I've never been to Thailand, but Influencer (2022) definitely made this beautiful place seem extremely tempting. Bangkok streets, winding roads, jungle, and deserted beaches glimmer under the sun in this well-crafted and sumptuous film. Pre-credits sequence, viewers get a hint of what's to come, as the camera zooms overhead, supplying viewers with an aerial image of a body, seemingly female (but it's ambiguous) lying face first on a deserted beach. With that little teaser, the film cuts to Madison (Emily Tennant) as a young woman "influencer" on a trip to Thailand, recording every moment with selfies, and video streams of her adventures. She seems to be on her own, as her boyfriend Ryan has ditched her at the last minute. She's lonely and a little bit bored, filling her time with getting her picture taken at local hotspots, and recording testimonials for products she's compelled to shill.

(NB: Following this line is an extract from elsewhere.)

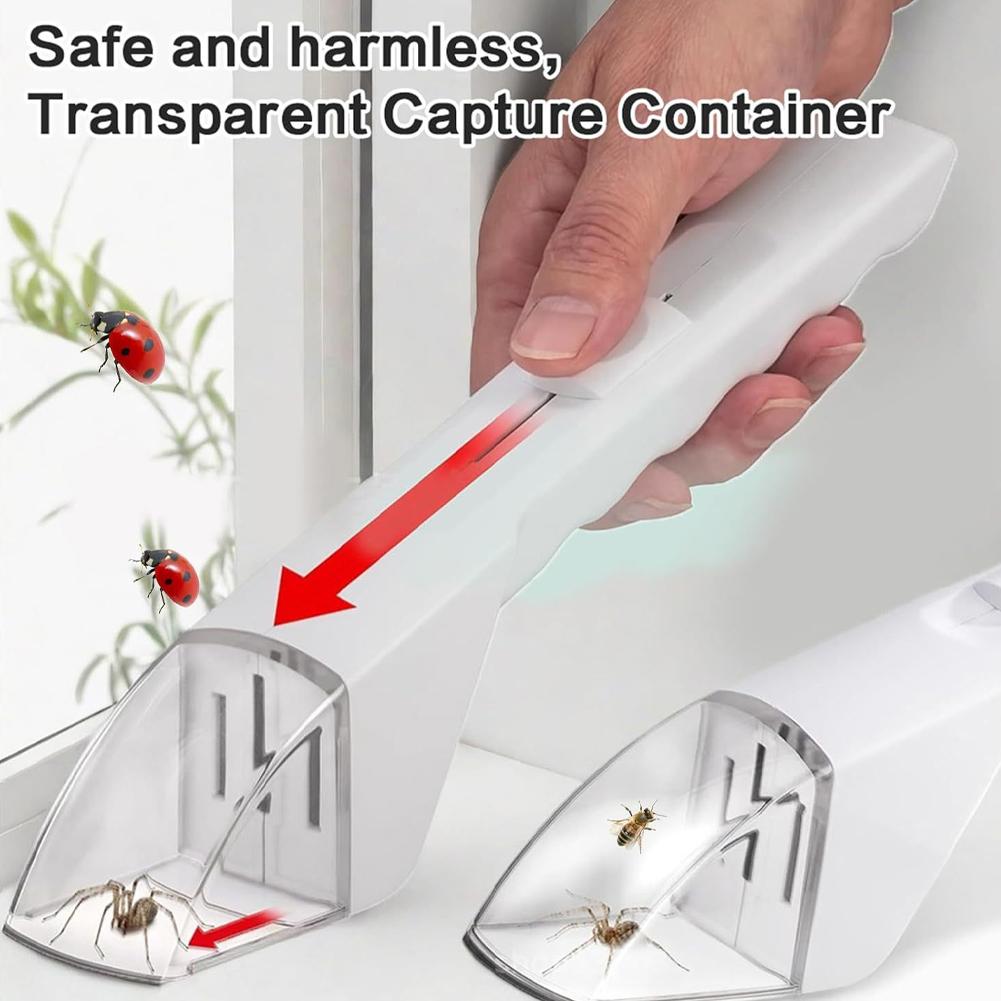 手持ち式虫捕り器 – 家庭、庭、屋外用の非接触式昆虫捕獲器、 - Gardening Tools And Uses のレビューと価格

Still, the places at which she stays are gorgeous--truly gorgeous! The hotel she stays at is luxurious and appears to provide every possible comfort. An apartment that she rents is a modernist showpiece, perched on a hill with its own infinity pool. The film implies that she is making bank as an influencer, but in some ways, her lifestyle seems hollow. Pretty on the outside, by but empty and shallow on the inside. At one point, she gets hit on by an older gentleman at the hotel bar. He seems relatively harmless, but still annoying, and when another young woman staying at the hotel watches her exchange, she quickly asks Madison if she feels like "a walk"--promptly rescuing her from the older man's attentions. Madison's savior is CW, a sultry brunette who carries herself with ease around Thailand; a birthmark under her right eye only enhances her unique beauty. CW (Cassandra Naud) and Madison quickly become inseparable, and when Madison's hotel room is broken into, her passport and identification stolen, CW quickly takes the impressionable influencer under her wing.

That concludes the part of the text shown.